Monday, April 9, 2012

Denver

So I wrote...and it's really dark again. I guess I just like to write about things I don't understand very well to try to understand them. There was a reason I wrote it and I really hope that if anyone guesses the reason, they don't find it disrespectful or irreverent. I was only using writing to explore an idea I'm unfamiliar with. Do I like it? Well, I just don't know!

Humming fills the tiny bathroom. It is an eerie, doleful tune of times come and gone. It doesn’t come from a fan, a light fixture, a pipe; it floats out of the breathless lungs of a man. He stares at his reflection in the chipped mirror that graces nearly every college dorm in America. His face is gaunt and lifeless. The mirror looks back at him. Every emotion he feels is reflected there. The mirror pities him all the way to his very core. It looks into his eyes, traces the shape of his face. His cheeks, at one time so rosy, now hollow. His lips hang slack, although usually pinned up in the permanent goofy grin that so many people know him by. Where there were once endless oceans of blue, only flat, grey iris remains. The mirror glances quickly down to his hand before bouncing back up to his eyes. His fingers are clutched around a cold, hard object no larger than one of the many screenplays that has come to define him.

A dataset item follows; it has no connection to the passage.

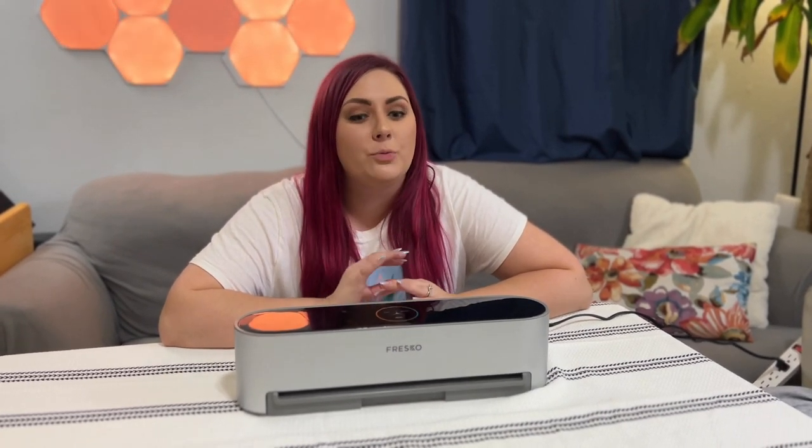If you guys want to get one of your own, please click on the link in our description and it will take you to their website. They also have some other awesome and really unique products, so you guys want to make sure you check them out — again, that is going to be in the description. Thank you so much for all of your support with our channel. Fresco, thank you again for sponsoring this video. Hope you guys have a great day — we'll see you next time, bye!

“Why are you looking at me like that?” He whispers. A note of desperation hangs on his tongue. He tries to swallow it but it gets caught in his throat and he coughs to clear it out. His breath comes out raggedly. His heart beats wildly. His hands shake uncontrollably. “Stop it.” He pleads. “Stop looking at me.” The mirror averts its gaze apologetically. It glances again at his hand. He moves it off the counter, out of view. Guilt threatens to engulf him but he pushes it away. He made a decision. Nothing is going to stop him. He can’t let anything stop him. He continues to hum.

He closes his eyes and is transported back to a place that wasn’t so dark. He feels the stage beneath his feet. The smell of freshly painted plywood fills him up. A huge spotlight shines down right on him. Thousands watch as he turns into someone else. He is Curly. He is the Phantom. He is Beast. He is anyone he wants to be. He can make them feel anything he needs them to; sadness, happiness, tension, anger. He makes them feel like part of his world. They make him feel alive. He opens his eyes and the audience disappears. The stage, the lights, the houses and rooms on wheels all disappear. It’s only him and the mirror. Those times and those people seem so very far away. He wonders if his name ever crosses their mind.

He thinks of people to keep his mind off what he’s about to do.
His grip tightens on the object in his hand.
He thinks of his friends, now all over the country striving to become something.
His hand pulls above the countertop; the mirror gasps.
He thinks of his first love, married to another man.
His chin rests gently on top of the cool metal.
He thinks of his sister, just about to graduate high school.
His skin aches from the pressure as his finger settles on the trigger.
He thinks of his parents. His mother. Her face fills his mind. He can visualize the way her petite eyebrows knit together in confusion when he does something she doesn’t understand. If she could see him now, her eyebrows would knit together. He was sure of it. He felt guilty that he didn’t explain it to her; couldn’t explain it. He left no reasons or justifications, only one small piece of scratch paper that read “There is no one to blame.” That’s really all he could think to write. That one sentence followed by his name: Denver.